Your assignment: The reply needs the lines from the one containing "Paros: Private Catamaran" through the end of the material, each repeated exactly, and no pictures.
───── Provided records
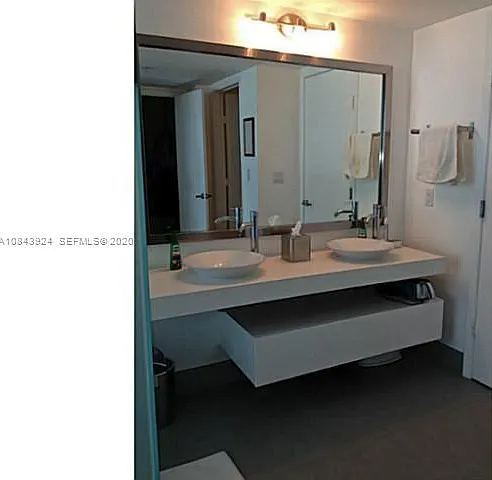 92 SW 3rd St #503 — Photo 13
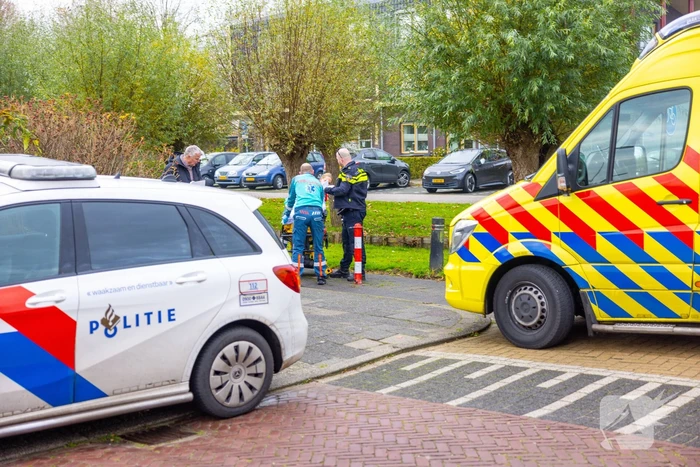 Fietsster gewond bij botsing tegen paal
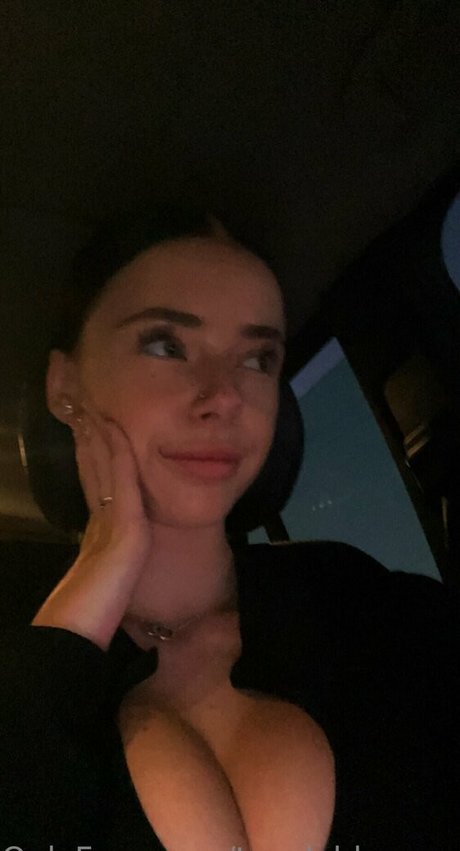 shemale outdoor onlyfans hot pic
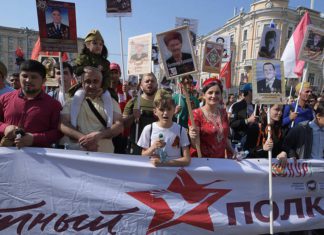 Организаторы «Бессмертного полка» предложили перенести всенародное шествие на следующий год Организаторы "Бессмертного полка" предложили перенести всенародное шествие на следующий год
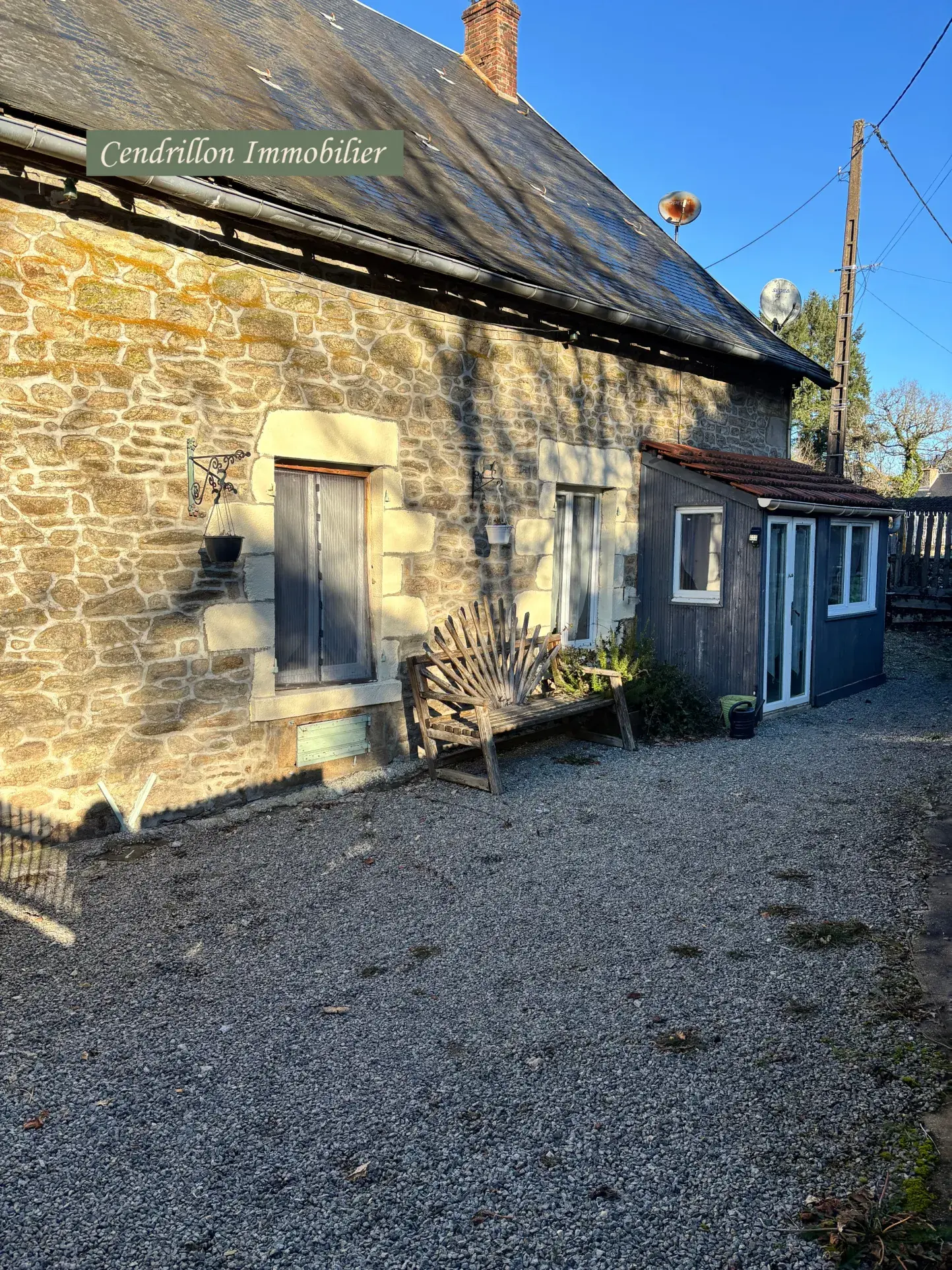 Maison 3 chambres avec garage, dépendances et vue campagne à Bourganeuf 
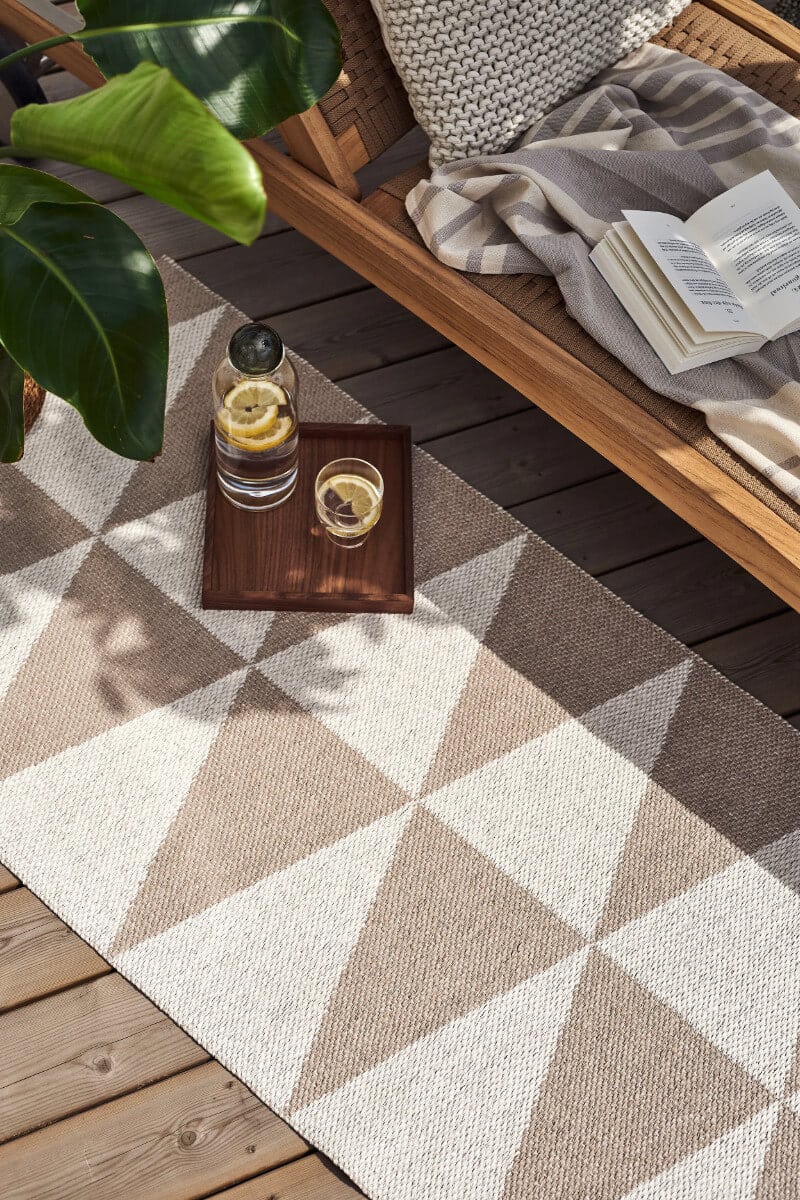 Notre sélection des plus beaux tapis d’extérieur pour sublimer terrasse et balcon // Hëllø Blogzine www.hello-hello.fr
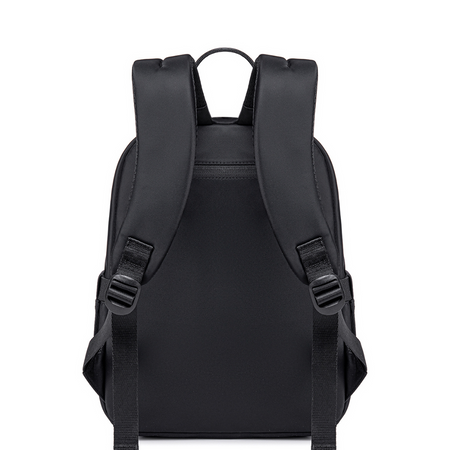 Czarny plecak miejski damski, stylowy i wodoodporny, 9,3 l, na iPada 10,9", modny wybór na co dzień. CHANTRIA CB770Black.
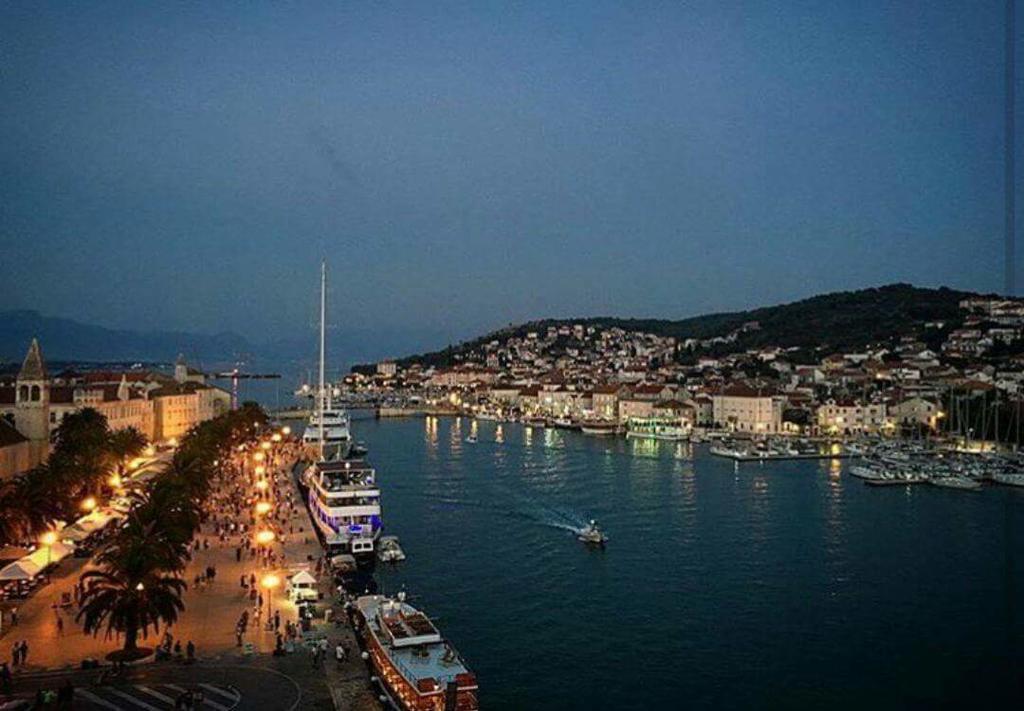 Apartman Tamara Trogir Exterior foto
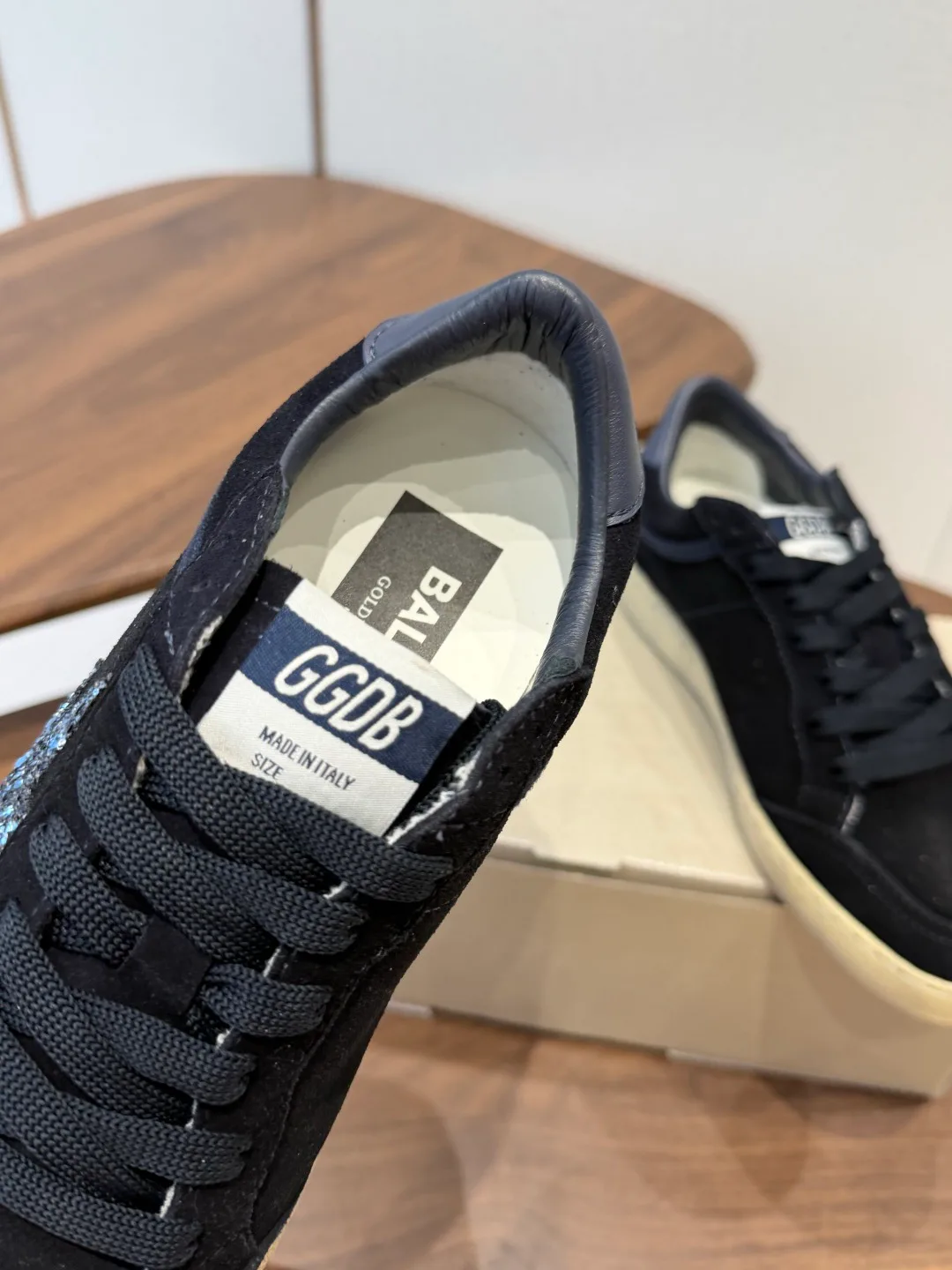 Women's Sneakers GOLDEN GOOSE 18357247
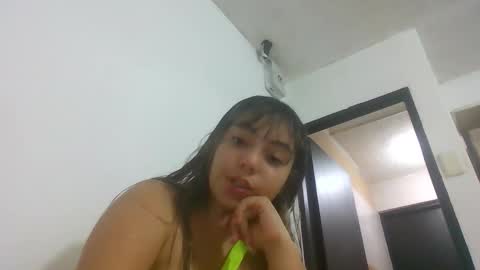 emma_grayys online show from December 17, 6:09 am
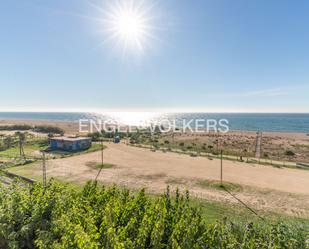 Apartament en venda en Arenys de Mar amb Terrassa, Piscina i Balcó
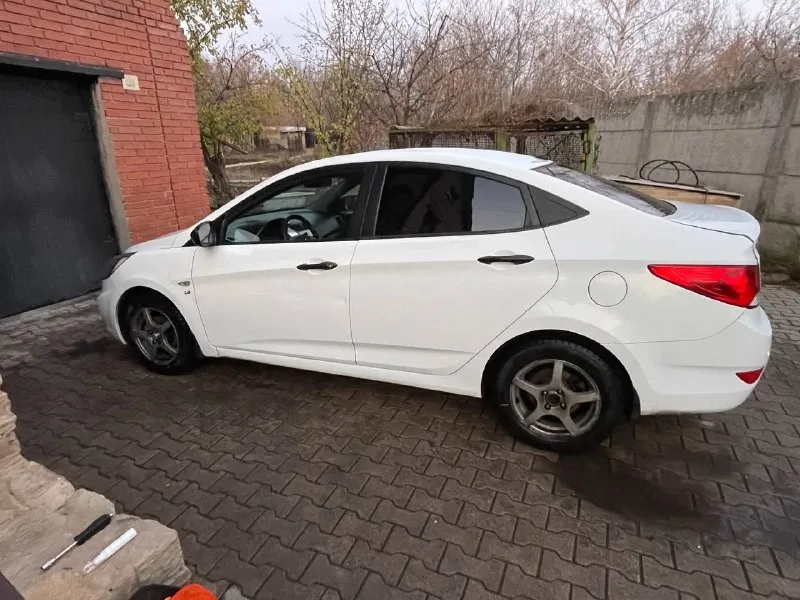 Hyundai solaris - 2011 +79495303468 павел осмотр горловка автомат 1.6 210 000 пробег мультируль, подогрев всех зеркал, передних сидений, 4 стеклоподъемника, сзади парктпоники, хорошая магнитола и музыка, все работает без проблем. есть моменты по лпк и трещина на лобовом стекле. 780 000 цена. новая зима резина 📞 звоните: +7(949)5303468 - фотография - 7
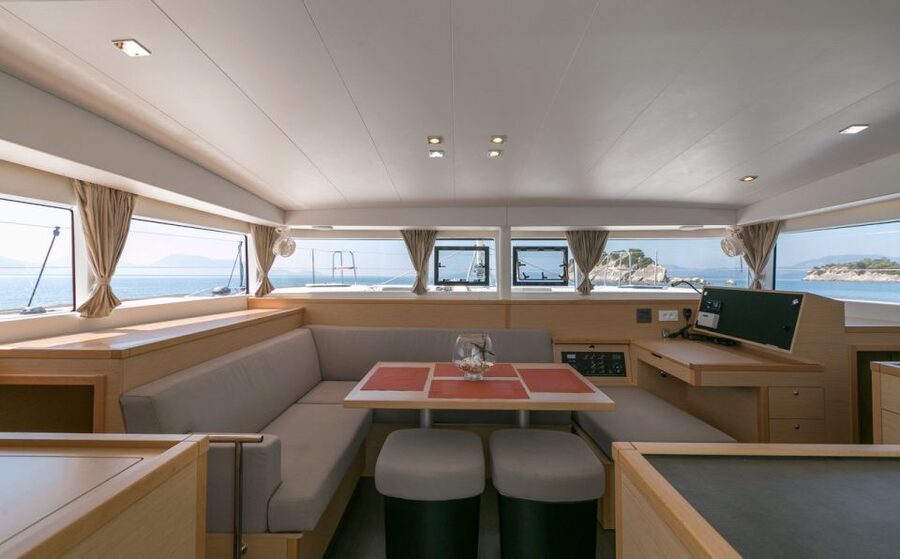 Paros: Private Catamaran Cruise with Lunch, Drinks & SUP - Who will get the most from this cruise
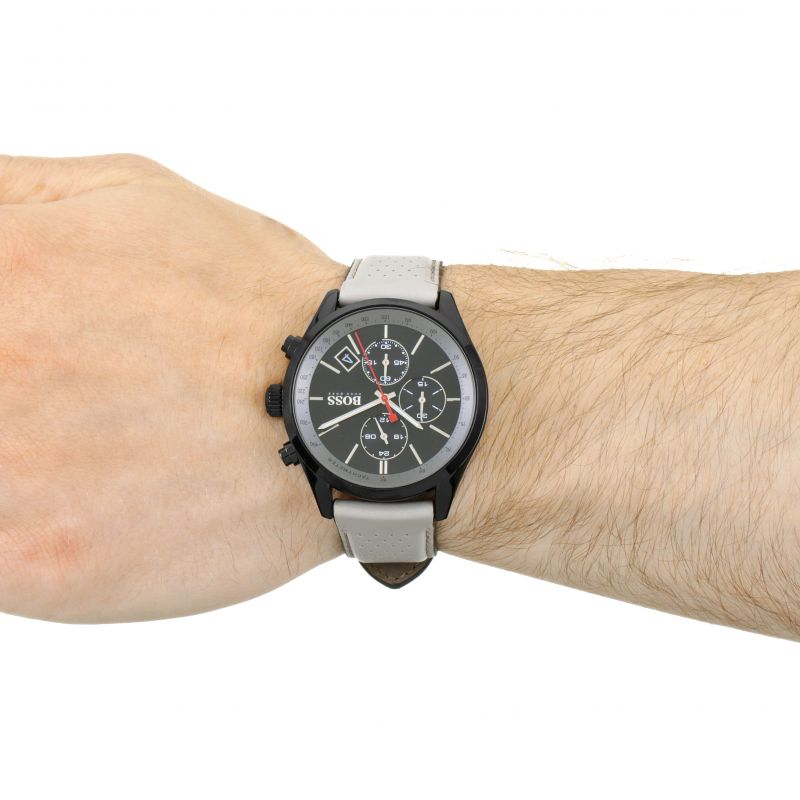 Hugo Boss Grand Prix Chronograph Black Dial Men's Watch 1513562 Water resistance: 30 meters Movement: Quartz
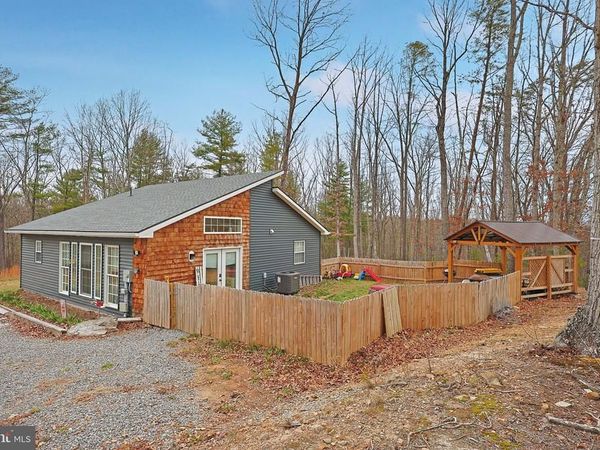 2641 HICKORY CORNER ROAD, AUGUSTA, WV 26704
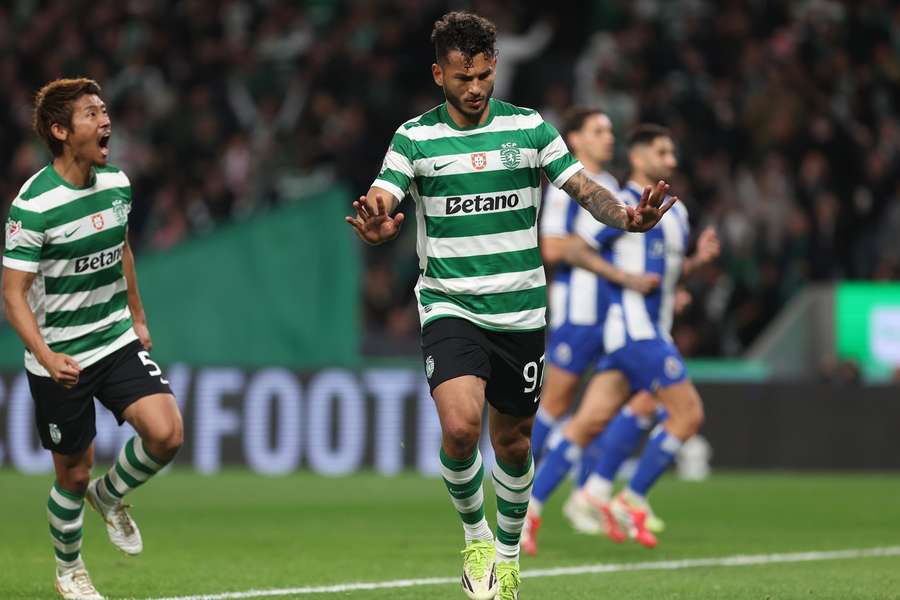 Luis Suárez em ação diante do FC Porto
──────────
The answer:
 Paros: Private Catamaran Cruise with Lunch, Drinks & SUP - Who will get the most from this cruise
 Hugo Boss Grand Prix Chronograph Black Dial Men's Watch 1513562 Water resistance: 30 meters Movement: Quartz
 2641 HICKORY CORNER ROAD, AUGUSTA, WV 26704
 Luis Suárez em ação diante do FC Porto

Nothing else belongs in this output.